SER garbles anchors that have UTF8 foreign language characters
I have multilingual site including anchor-text in
ru, bg, pt, fr
and all those anchors are garbled after using edit all, then save

what is the solution in an global UTF8 world ??

I tried URL encoding - BUT my firefox did NOT find the URL when testing ...
Tagged:

Comments

  • SvenSven www.GSA-Online.de
    Hmm just "Edit All" popup menu cuts the utf8 stuff right?
  • NOT cut off
    just garbles it with ????? or so
    real UTF8 cyrillic characters (for ru and bg)  as they exist on my notepad (utf8 version) to copy / paste into SER are replaced

    other languages such as pt and fr
    only the characters with accents are garbled
  • @sven

    here is what I get exactly
    if I take my URL# cyrillic anchor1,anchor2
    put it in notepad with ANSI encoding > save and re-open same file
    that is exactly how it looks when I ADD the URLs+anchor in SER

    If I would do same in notepad with UTF8 encoding = all is perfect
    these below 2 URLs are among the problems = 1 in ru, the other in pt

    http://www.kriyayoga.com/kriya_yoga/initiation/diksha_ru.html#Дикша в Крийя Йогу,Крийя Йогу
    http://www.kriyayoga.com/kriya_yoga/initiation/diksha_pt.html#Iniciação ao Kriya Yoga

    hope that helps to solve the problem

  • Try to save to UTF-8 from notepad and import the textfile to your project
  • agmicmastermind
    tried your method
    1. import from clipboard - NOT working = again ru converted into ????
    2. import from notepad-utf8 file = at first it appeared to work
    BUT
    when I reopened the complete list again = all was garbled again, this time NOT with ????? but other weird symbols

    it is the NON-utf8 way SER saves things on HDD

    in SER it appears there are quiet a number of data files stored in ANSI instead of UTF8
    may be that is a windows system stuff
    but in our international www it might be time to move to all system being utf8

    coming from linux world incl yrs of server admin,
    since many years ALL is by default always utf8
    server HDD = file system language support
    all editors
    all config files
    all data files
    mysql
    all desktop environment
    etc

    most global web servers are default utf8,
    but a few cheap oldfashioned US based hosting still on old fashioned US based systems go ansi and garble all international stuff = means some old-fashioned outdated article directories (incl articlesnatch) do garble foreign languages in utf8
  • edited September 2013
    in linux we have a built in system tool to do any conversions in charsets

    in microsoft world I have no idea
    but a google for below shows some sources

    convert ansi to utf8

    but the key is that you are allowed to do such conversion ONLY ONCE on each file
    if you convert an already utf8 file again with conversion tools - disaster in result and all data garbled

    hence there needs to be a test FIRST if to convert file is ansi
    else
    skip conversion
  • You might want to use the file via file macro so SER does not write but only reads it.
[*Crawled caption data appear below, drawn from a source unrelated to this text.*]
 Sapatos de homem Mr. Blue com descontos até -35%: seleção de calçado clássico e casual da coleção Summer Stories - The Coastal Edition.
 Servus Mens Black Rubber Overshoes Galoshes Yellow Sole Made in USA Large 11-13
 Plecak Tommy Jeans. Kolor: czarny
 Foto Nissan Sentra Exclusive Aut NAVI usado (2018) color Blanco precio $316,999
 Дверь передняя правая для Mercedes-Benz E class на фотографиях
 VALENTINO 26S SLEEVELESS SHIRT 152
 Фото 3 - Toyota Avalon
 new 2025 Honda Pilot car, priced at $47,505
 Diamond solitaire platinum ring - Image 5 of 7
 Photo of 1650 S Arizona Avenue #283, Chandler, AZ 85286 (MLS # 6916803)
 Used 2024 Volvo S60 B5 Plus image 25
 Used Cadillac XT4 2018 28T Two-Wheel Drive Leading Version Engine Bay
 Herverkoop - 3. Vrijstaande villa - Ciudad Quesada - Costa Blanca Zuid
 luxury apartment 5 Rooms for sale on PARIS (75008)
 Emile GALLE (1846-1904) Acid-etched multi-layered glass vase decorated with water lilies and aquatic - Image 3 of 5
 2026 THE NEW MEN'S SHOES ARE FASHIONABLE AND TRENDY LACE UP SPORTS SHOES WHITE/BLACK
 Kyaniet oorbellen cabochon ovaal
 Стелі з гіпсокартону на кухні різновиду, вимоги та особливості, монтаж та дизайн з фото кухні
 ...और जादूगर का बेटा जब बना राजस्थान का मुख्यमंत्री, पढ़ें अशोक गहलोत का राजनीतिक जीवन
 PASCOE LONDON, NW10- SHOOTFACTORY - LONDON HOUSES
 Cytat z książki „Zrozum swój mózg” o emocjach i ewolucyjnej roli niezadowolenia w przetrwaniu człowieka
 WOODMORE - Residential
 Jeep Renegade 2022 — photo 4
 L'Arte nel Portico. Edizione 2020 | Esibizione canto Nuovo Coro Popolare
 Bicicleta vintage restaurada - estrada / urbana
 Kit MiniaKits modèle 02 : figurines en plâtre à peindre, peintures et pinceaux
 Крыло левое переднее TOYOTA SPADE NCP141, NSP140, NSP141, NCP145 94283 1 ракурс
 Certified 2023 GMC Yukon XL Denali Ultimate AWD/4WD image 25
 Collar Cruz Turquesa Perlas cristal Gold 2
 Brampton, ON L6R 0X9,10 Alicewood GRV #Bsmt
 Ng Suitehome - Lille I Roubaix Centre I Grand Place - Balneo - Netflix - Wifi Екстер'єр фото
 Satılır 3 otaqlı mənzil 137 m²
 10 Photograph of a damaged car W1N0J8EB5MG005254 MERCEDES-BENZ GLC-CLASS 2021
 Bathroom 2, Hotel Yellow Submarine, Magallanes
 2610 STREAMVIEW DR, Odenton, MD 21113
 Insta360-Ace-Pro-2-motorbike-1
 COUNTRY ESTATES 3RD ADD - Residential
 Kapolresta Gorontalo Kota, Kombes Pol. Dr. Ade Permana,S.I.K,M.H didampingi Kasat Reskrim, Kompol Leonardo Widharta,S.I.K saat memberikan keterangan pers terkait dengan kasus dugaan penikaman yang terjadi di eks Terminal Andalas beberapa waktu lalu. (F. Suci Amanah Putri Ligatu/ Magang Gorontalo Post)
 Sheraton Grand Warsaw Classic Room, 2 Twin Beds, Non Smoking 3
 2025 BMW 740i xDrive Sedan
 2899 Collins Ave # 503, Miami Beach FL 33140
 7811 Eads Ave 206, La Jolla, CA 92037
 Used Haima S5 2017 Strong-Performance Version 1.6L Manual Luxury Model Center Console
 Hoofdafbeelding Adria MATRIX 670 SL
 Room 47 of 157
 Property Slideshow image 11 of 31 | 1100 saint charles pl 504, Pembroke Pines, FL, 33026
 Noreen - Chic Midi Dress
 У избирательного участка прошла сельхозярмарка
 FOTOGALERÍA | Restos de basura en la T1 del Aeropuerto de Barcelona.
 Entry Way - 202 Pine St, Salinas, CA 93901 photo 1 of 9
I am doing it this way with umlauts etc and it works fine.
    You can try UTF8Cast, a free tool for mass charset conversion
  • will try some day
    I need free time to study macros first

    but instead of making local fixes, I prefer permanent system fixes in SW,
    I think it is more a generic SER system problem that might need to be fixed to internationalize SER for our modern multilingual world

    may be @sven some day can fix that
  • SvenSven www.GSA-Online.de
    OK so the problem for you is "Edit All"? Well if you edit it it is converted from Unicode into ANSI and later back to Unicode. Yes sure it looks ugly if you edit it like that, but it is not destroying anything for me (even with sample URLs).
  • edited September 2013
    @sven

    your word in God's ears

    I make a test session tomorrow and see on the websites what occurs there

    but why at all does it have to be converted to ANSI at all
    in an internationalization time all is global and all could be UTF8 by default as the professional servers do it since many years
    I am pretty sure G and Y have all in UTF8 in all their apps

    when I import from file or import from clipboard and then open and look at the URLs
    I have 2 totally different scrambled anchor texts

    what file stores those URLs in SER to see exactly what happens?
    isn't there a real and final loss when UTF8 are reduced to ANSI

    when you take a rabbit
    cut OFF all legs to make rabbit smaller for storage/sleeping during night
    and in morning ... all legs GONE for good = rabbit dead


    that is as far as I understand it from a non-tech spiritual point of view ...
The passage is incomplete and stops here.